Hospitalist attending physicians at University of Texas Southwestern (UTSW) Medical Center, Emory University School of Medicine, Massachusetts General Hospital (MGH), and the Medical University of South Carolina (MUSC) were eligible to participate in the study. Consult team structures at each institution were composed of either a subspecialist-attending-only or a fellow-and-subspecialty-attending team. Fellows at all institutions are supervised by a subspecialty attending when performing consultations. Respondents who self-identified as nurse practitioners or physician assistants were excluded from the analysis. Hospitalists employed by the Veterans Affairs hospital system were also excluded. The study was approved by the institutional review boards of UTSW, Emory, MUSC, and MGH.

The survey was anonymous and administered to all hospitalists at participating institutions via a web-based survey tool (Qualtrics, Provo, UT). Participants were eligible to enter a raffle for a $500 gift card, and completion of the survey was not required for entry into the raffle.

 

 

Statistics

Results were summarized using the mean with standard deviation for continuous variables and the frequency with percentage for categorical variables after excluding missing values.
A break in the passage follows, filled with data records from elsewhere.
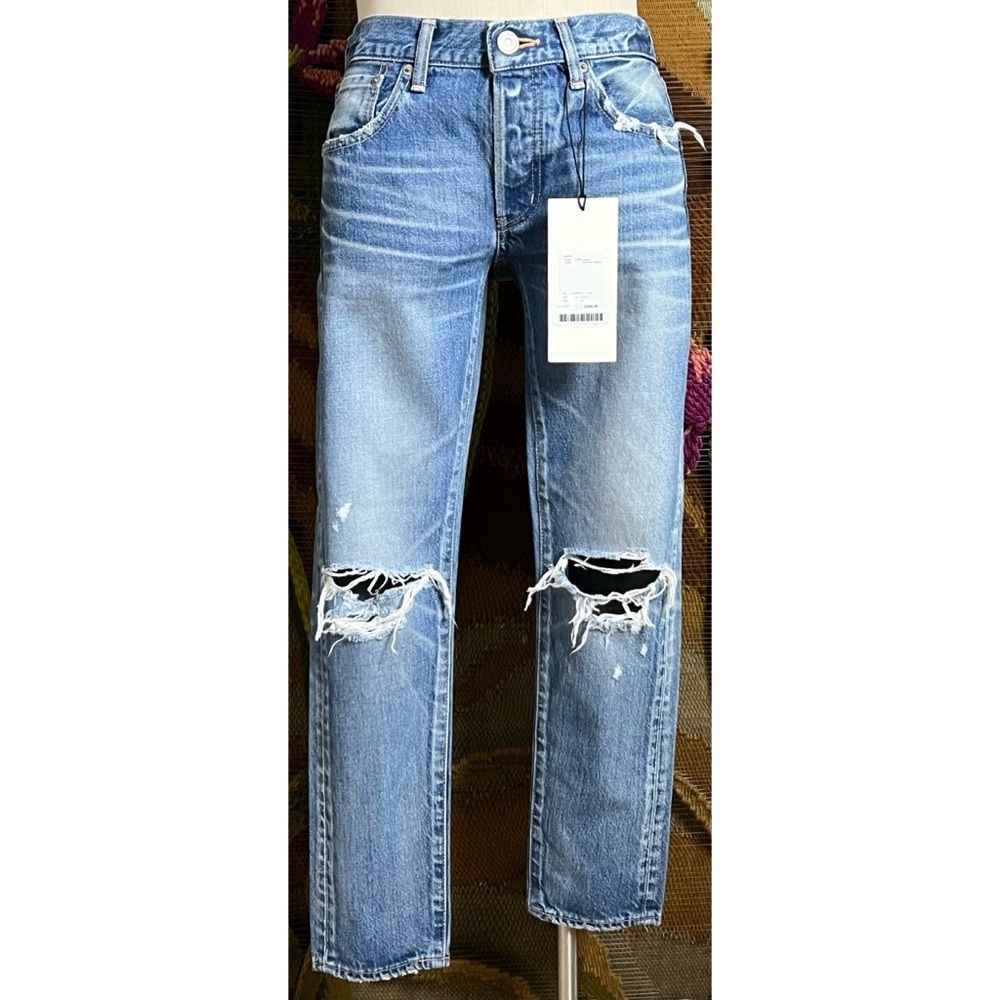 Moussy Latrobe Jeans 26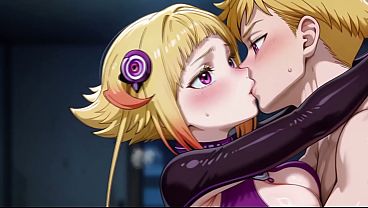 Nonton Lancelot (sds) X Capella (rezero) Ai thumbnail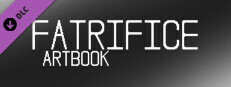 Fatrifice Artbook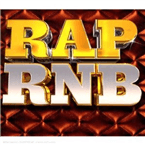 Radio RAP & RnB logo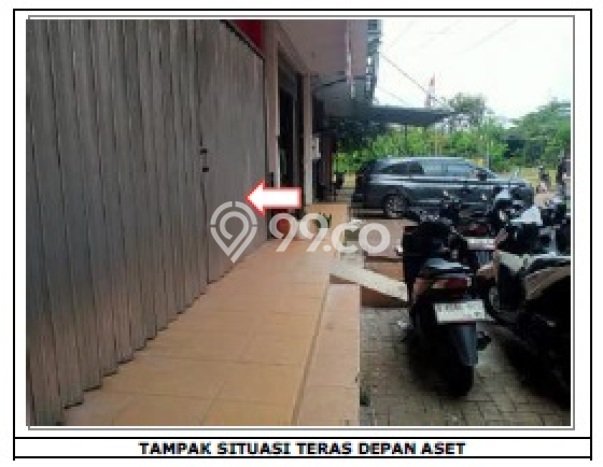 Untuk Dijual! Ruko di Bintaro Jakarta Selatan LT 96m2 / LB 280m2 Kawasan Strategis Untuk Dijual! Ruko di Bintaro Jakarta Selatan LT 96m2 / LB 280m2 Kawasan Strategis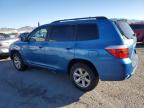 2008 Toyota Highlander  на продаже в Las Vegas, NV - Rear End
All analyses were conducted using SAS version 9.4 (SAS Institute, Cary, NC). A 2-sided P value of ≤0.05 was considered statistically significant.

RESULTS

Of a possible 261 respondents, 122 (46.7%) participated in the survey. Missing values for survey responses ranged from 0% to 21.3%, with a mean of 15.2%. Demographic characteristics are shown in Table 1. Respondents had a mean age of 37.7 years and had worked as attending hospitalists for an average of 5.6 years. The majority of respondents (86.1%) practiced in academic medical centers, with the remaining working in satellite community hospitals. Respondents reported working daytime shifts 74.1% of the time on average and being on inpatient, direct-care services without house-staff 70.5% of the time.

Current Consultation Practices

Current consultation practices and descriptions of hospitalist–consultant communication are shown in Table 2. Forty percent of respondents requested 0-1 consults per day, while 51.7% requested 2-3 per day. The most common reasons for requesting a consultation were assistance with treatment (48.5%), assistance with diagnosis (25.7%), and request for a procedure (21.8%). When asked whether the frequency of consultation is changing, slightly more hospitalists felt that their personal use of consultation was increasing as compared to those who felt that it was decreasing (38.5% vs 30.3%, respectively).

An exploration of communication practices during consultation revealed that hospitalists most often interacted with fellows rather than attending physicians (81.4%). However, even when a fellow performs a consult and communicates with a hospitalist, a subspecialty attending is involved in the care of the patient, although he or she may not communicate directly with the hospitalist. Respondents indicated that they most often communicated a consult request to the consultant by phone (76.2%). Pushback from consultants (defined as perceived reluctance or resistance to perform the consult for any reason) was perceived as common, with 64.4% of hospitalists indicating that they experience pushback at least “sometimes” (3 on a 5-point Likert scale) and 22.1% reporting that pushback was “frequent” or occurred “most of the time”. Follow-up interactions (defined as communication of recommendations after the consultant evaluated the patient) infrequently occurred through in-person communication, with 90.9% reporting that this occurred in less than half of consultations. Communication by phone was most common, with 61.2% reporting that it occurred at least half the time, and 86% of respondents reported that communication by paging only occurred at least “sometimes”. Consultation was commonly seen as a valuable educational experience, with 56.9% of hospitalists indicating that they learned from at least half of consults.

Hospitalist Preferences

Eighty-six percent of respondents agreed that consultants should be required to communicate their recommendations either in person or over the phone. Eighty-three percent of hospitalists agreed that they would like to receive more teaching from the consulting services, and 74.0% agreed that consultants should attempt to teach hospitalists during consult interactions regardless of whether the hospitalist initiates the teaching–learning interaction.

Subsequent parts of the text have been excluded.